=== Problem requirements ===
Skip the pictures, please, and write out exactly every line from the one containing "HONDA NC 700D" through the end of the listing below.

=== Collected data ===
-=-=-=-=-

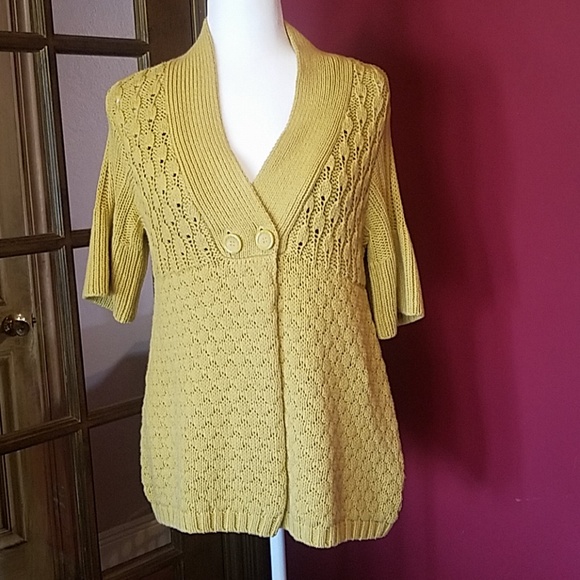 BCBGMAXAZRIA sweater - Picture 1 of 8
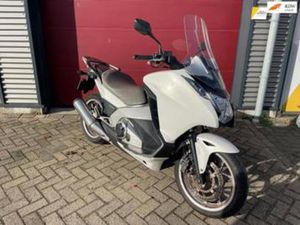 HONDA NC 700D DTC INTEGRA ABS — MOTOREN | HONDA — MARKTPLAATS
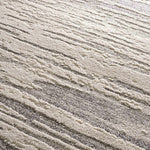 Lave Bone & Taupe Area Rug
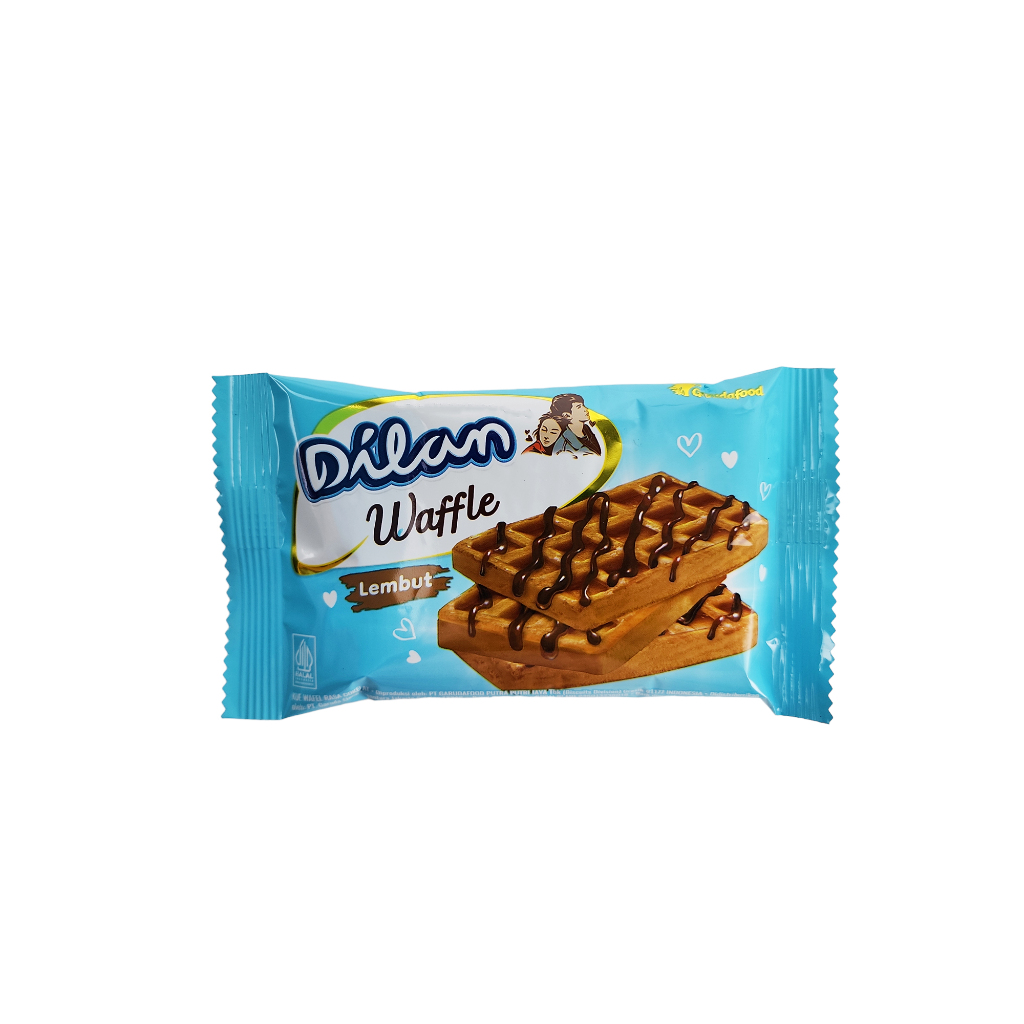 

Dilan Waffle - Netto 16 gr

-=-=-=-=-

=== Final answer ===
 HONDA NC 700D DTC INTEGRA ABS — MOTOREN | HONDA — MARKTPLAATS
 Lave Bone & Taupe Area Rug

Dilan Waffle - Netto 16 gr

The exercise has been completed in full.